An attorney representing Kushner and others named in the suit dismissed the allegations Monday as “utterly without merit.”
The suit, filed by a Suffolk County, N.Y., investor, claims that Kushner, several businesses of which he is part-owner, and two other owners engaged in “a widespread criminal enterprise” and a “pattern of racketeering activity” in a business that solicited investments to be lent as mortgages.
The investor, Arnold Rosenshein, says in the suit filed in U.S. District Court in Manhattan that he invested just over $4 million with the Kushner companies after he was assured that the deals would be “conservative” and short term, and that his money would be just a small part of the mortgage granted. Rosenshein also said he was told that in the event of a default, the properties would be foreclosed upon and sold at a profit.

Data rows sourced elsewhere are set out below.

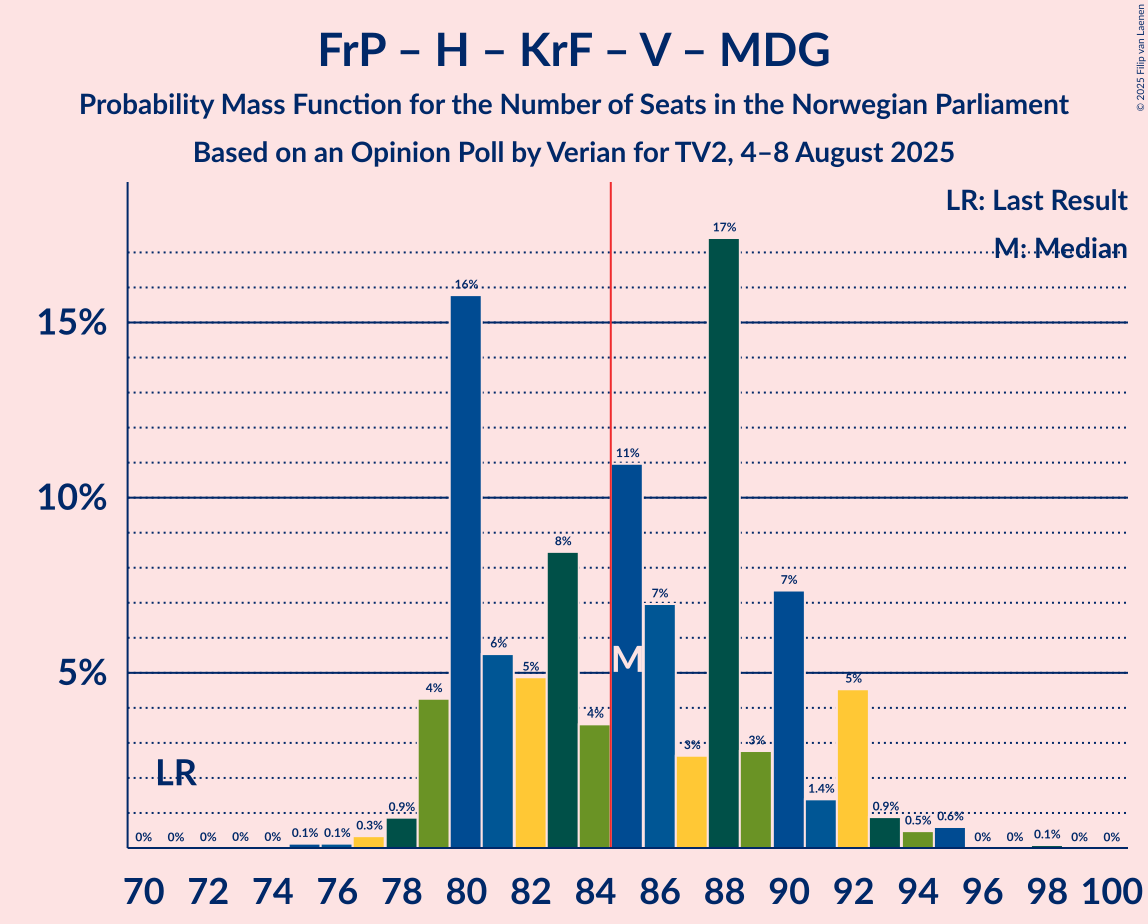 Seats Probability Mass Function Graph with seats probability mass function not yet produced
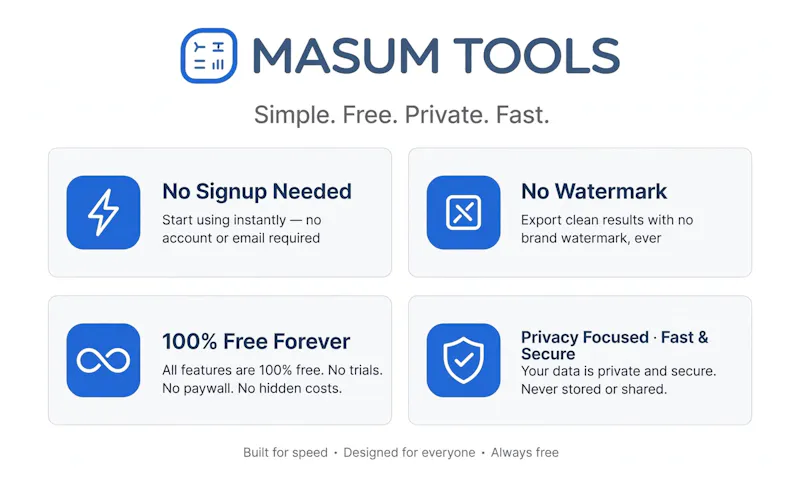 Masum Tools screenshot 2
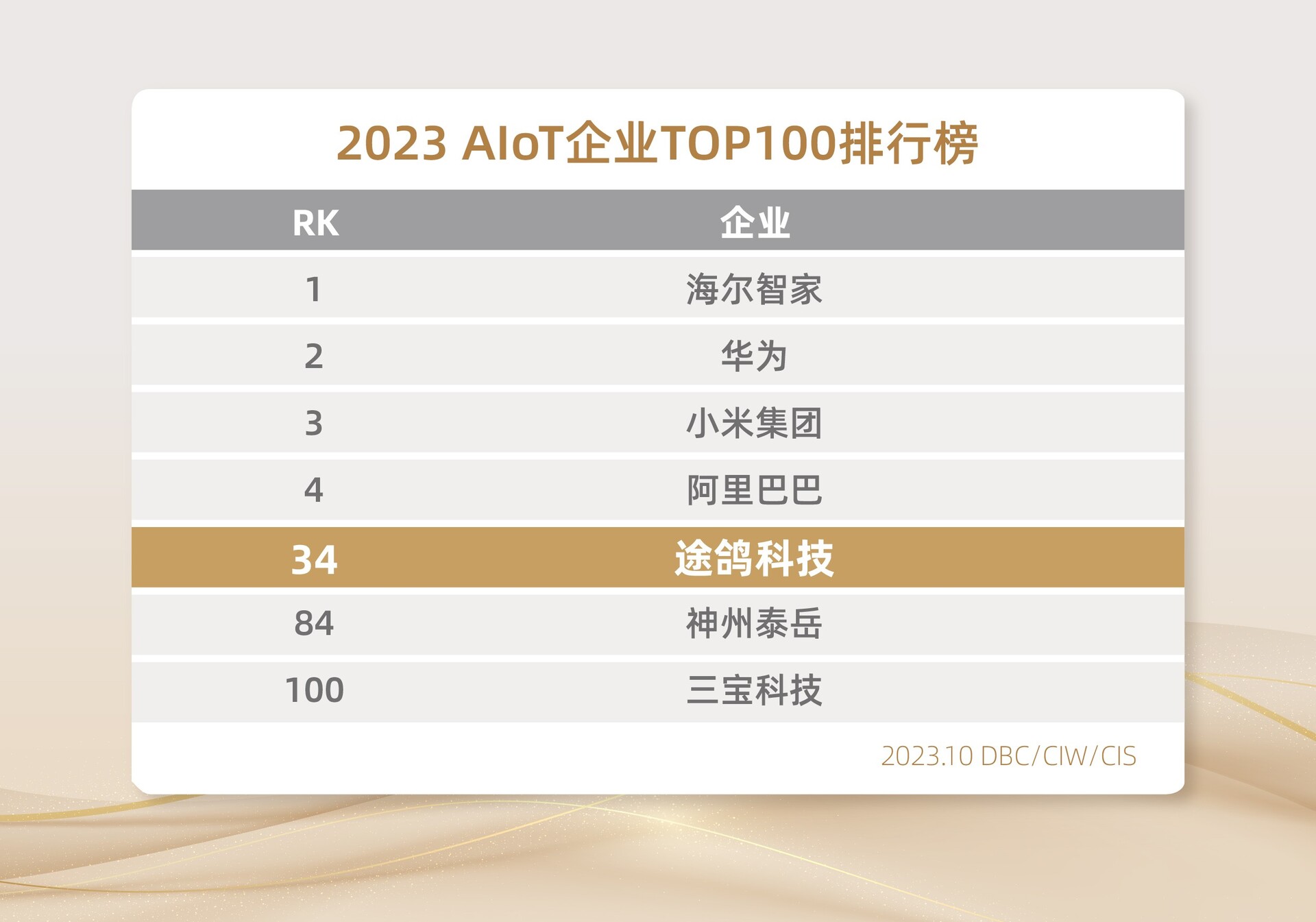 持续攀升！途鸽科技荣获“2023中国AIoT百强企业”TOP34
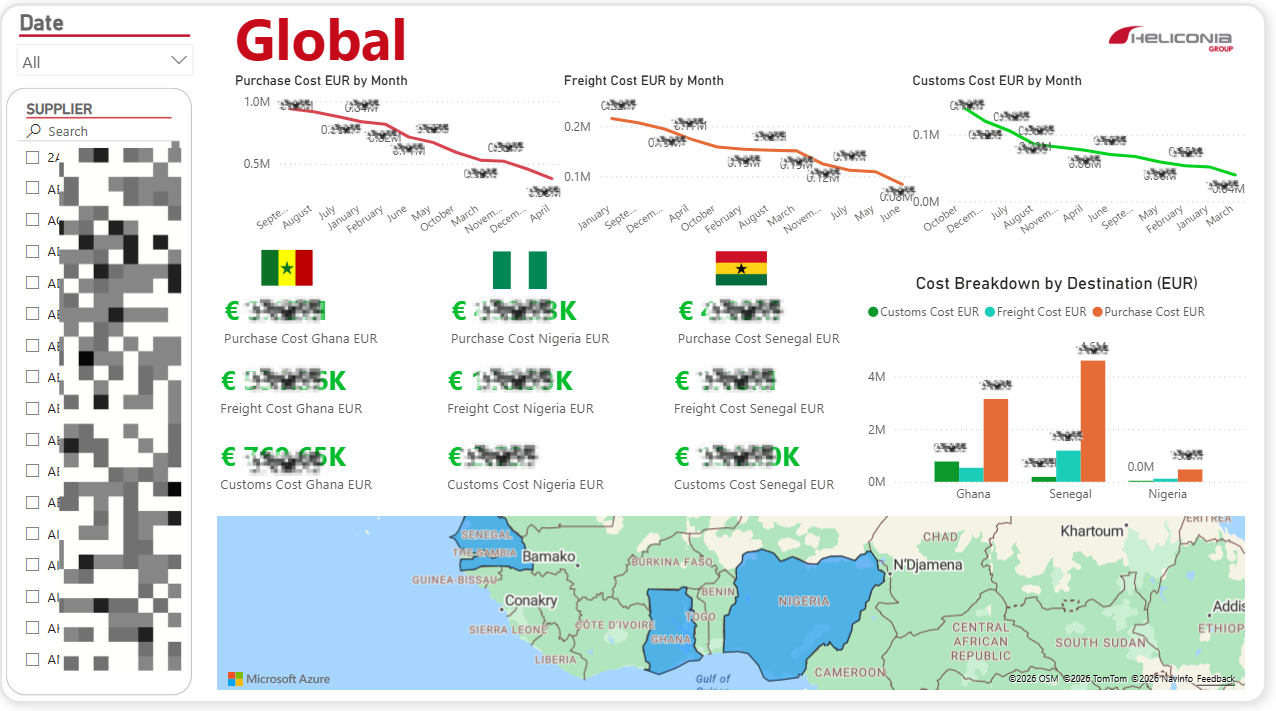 Supply Chain Cost Intelligence dashboard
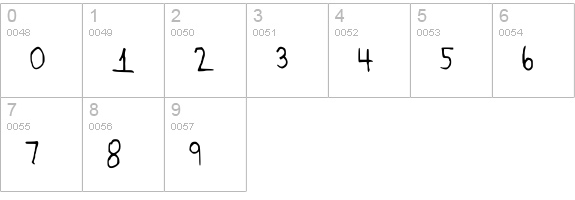 DearKatieNBP numbers 0-9 preview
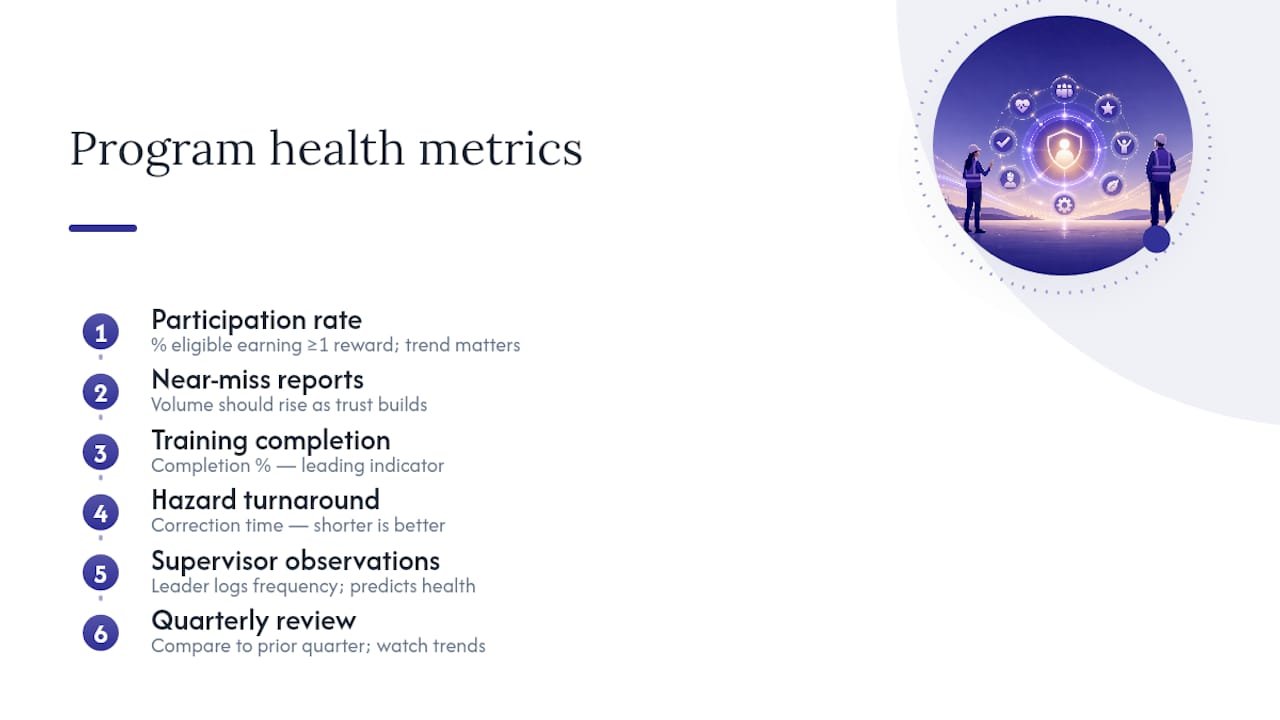 Five metrics for measuring safety program health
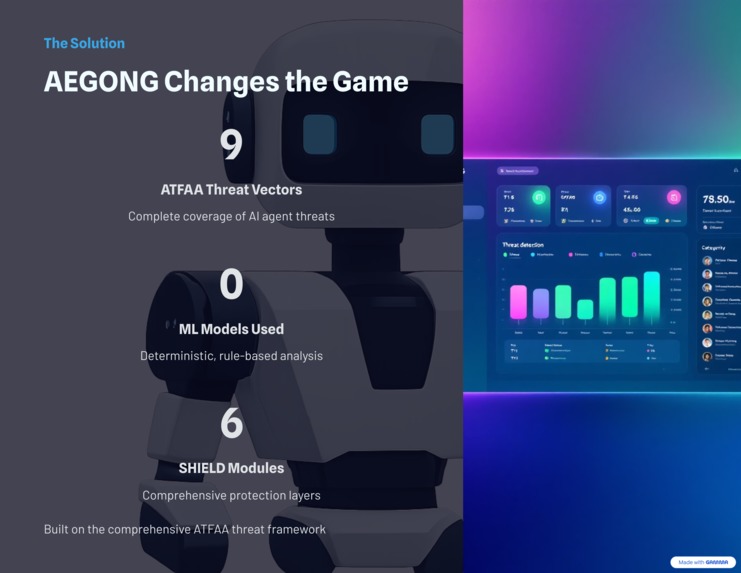 AI Evaluation & Governance Oversight Network Guardian – screenshot 9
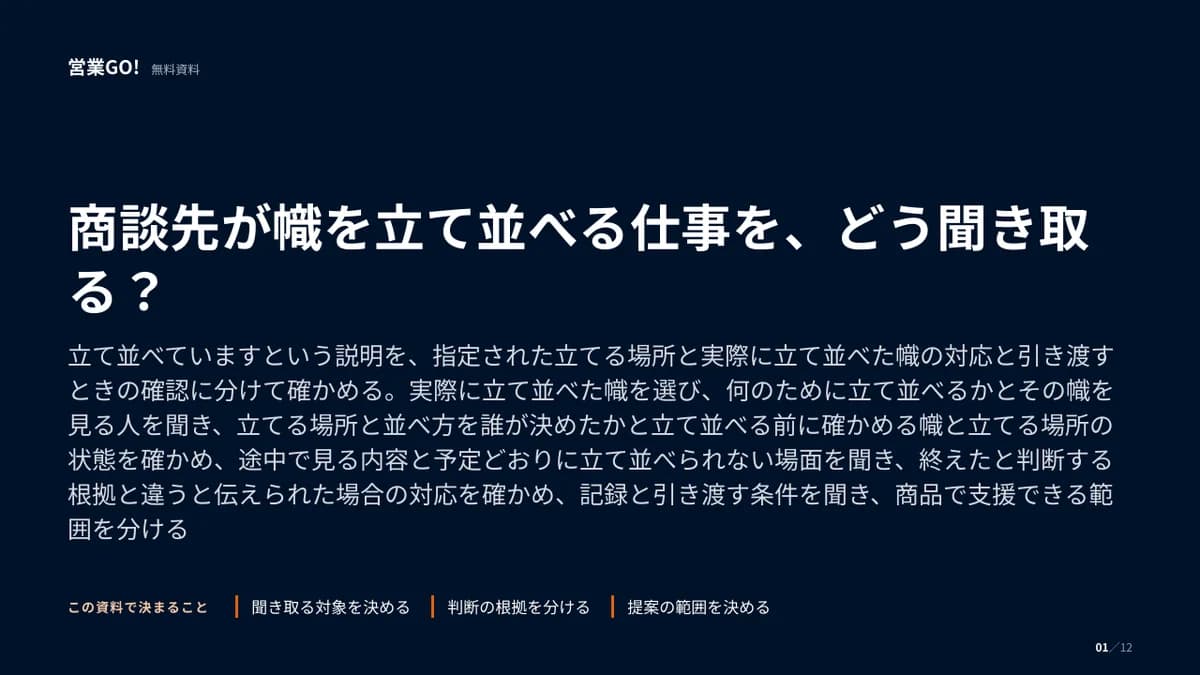商談先が幟を立て並べる仕事を、どう聞き取る? 表紙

But several of the mortgages soon went into default, and the properties remained unforeclosed upon for years, because company executives wanted to wait until the property gained in value, Rosenshein alleges. Meanwhile, Kushner and two other company principals, Jeffrey Meshel and Wayne Sturdman, both of New York, made millions from the loans by taking “origination” and “servicing” fees, the suit alleges.